Angling Trust backs Crucian Conservation Project
The Angling Trust is backing a new National Crucian Conservation Project in an attempt to help reverse the decline of one of the nations most loved fish.
Crucian carp have always been a key species for anglers. Over the past thirty years, however, many of the farm and village ponds that were a key habitat for crucians have disappeared and the stocking of a wide range of other carp species has led to inter-breeding and hybridisation of many crucian populations.
In a bid to prevent this from happening the Crucian Study Group - made up of celebrity anglers, fishery owners, the Angling Trust and the Environment Agency - has been formed.
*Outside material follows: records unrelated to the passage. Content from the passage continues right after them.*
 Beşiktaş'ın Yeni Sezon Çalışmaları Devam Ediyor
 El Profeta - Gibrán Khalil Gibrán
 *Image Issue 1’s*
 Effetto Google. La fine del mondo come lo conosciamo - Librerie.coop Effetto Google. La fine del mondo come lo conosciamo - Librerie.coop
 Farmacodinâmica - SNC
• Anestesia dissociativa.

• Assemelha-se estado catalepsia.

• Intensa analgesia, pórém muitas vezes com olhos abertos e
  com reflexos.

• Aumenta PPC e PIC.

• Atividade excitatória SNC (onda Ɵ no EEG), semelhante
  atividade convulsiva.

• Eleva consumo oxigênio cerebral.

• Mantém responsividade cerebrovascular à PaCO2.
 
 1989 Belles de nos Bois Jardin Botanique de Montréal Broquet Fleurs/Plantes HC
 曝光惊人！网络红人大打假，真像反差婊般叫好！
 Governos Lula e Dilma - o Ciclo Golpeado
The group is the brainchild of angling artist and Norfolk-based specimen hunter Chris Turnbull which set up the National Crucian Conservation Project and plans to develop a national network of crucian fisheries in a bid to boost the numbers of the species.
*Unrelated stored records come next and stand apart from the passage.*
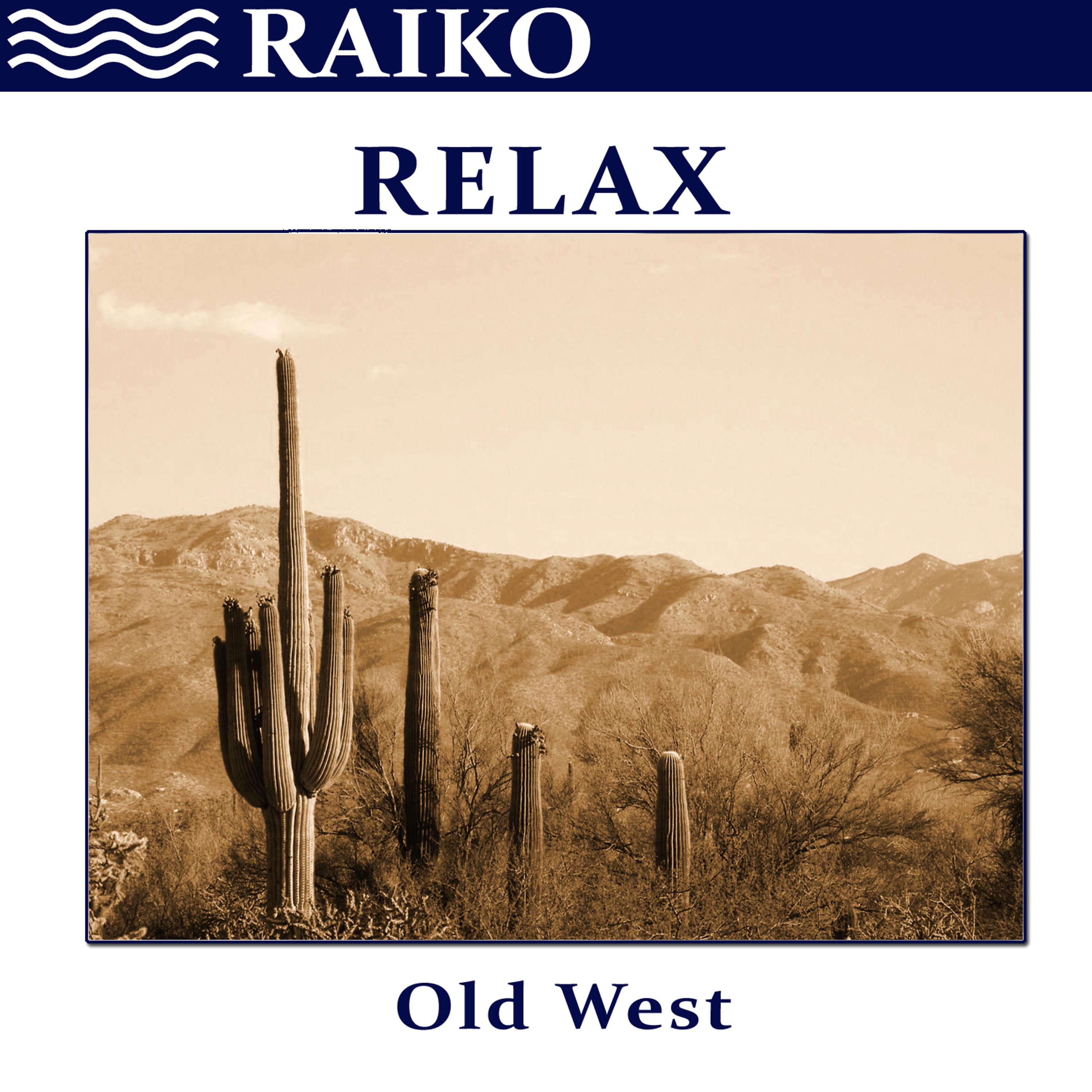 Постер альбома Relax: Old West - Single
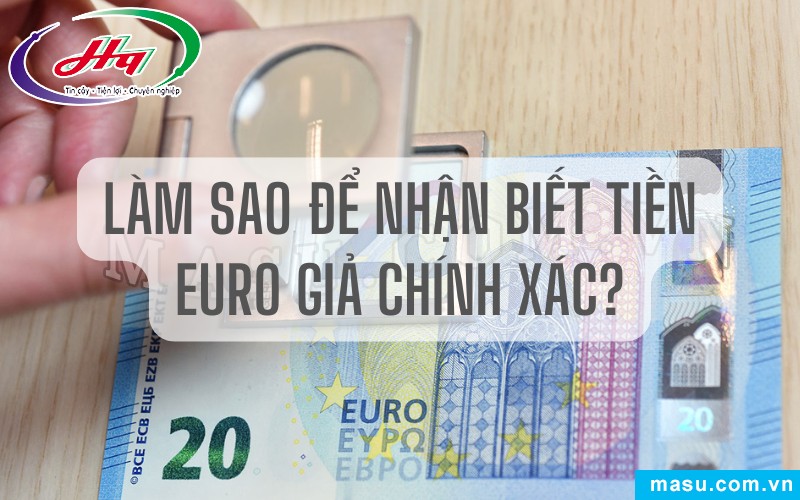 Nhận biết tiền Euro giả chính xác dựa trên các yếu tố bảo an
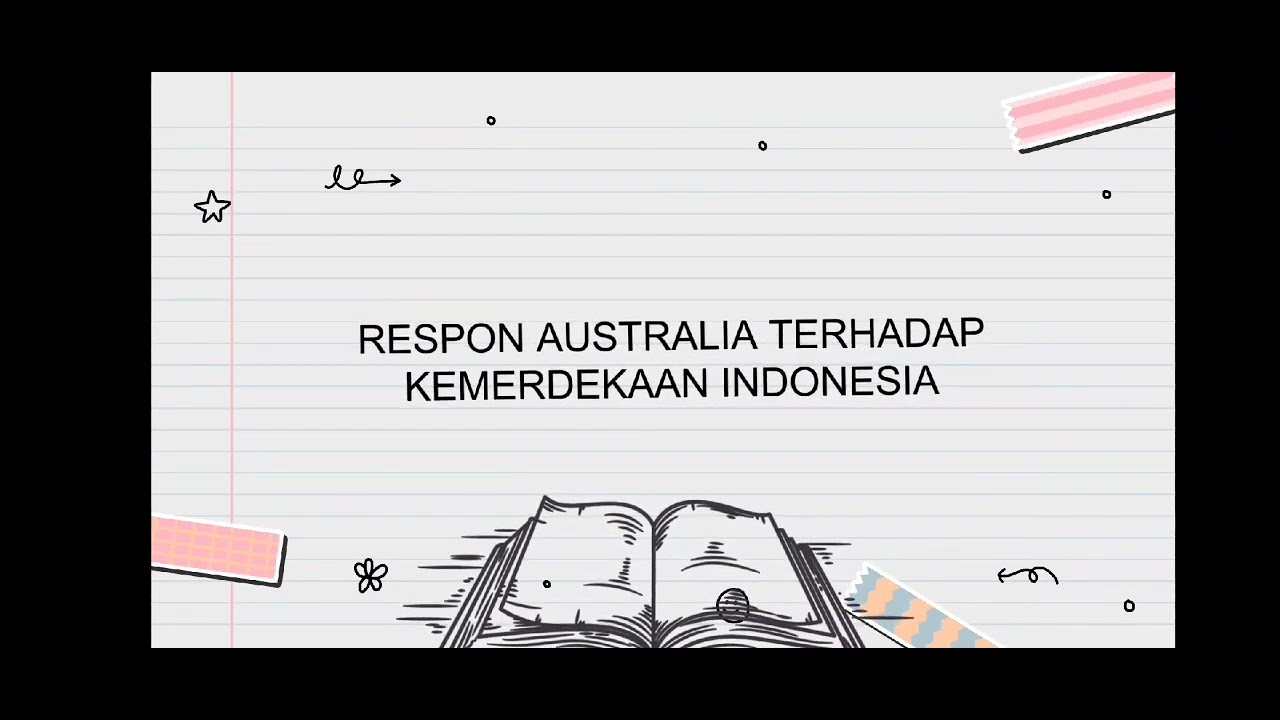 Tugas Sejarah Respon Australia Terhadap Kemerdekaan Indonesia - YouTube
Martin Salter, Angling Trust Campaigns Co-ordinator and one of the National Crucian Conservation Project team members, said: "We are delighted to have been given a chance to bang the drum for crucians at the Angling Trust's annual coarse fish conference and have decided to combine this with the formal launch of the project. We are receiving pledges of support from all over the country for the cause of crucian conservation and it is clear that many anglers want to be part of a crucian revival which is music to our ears."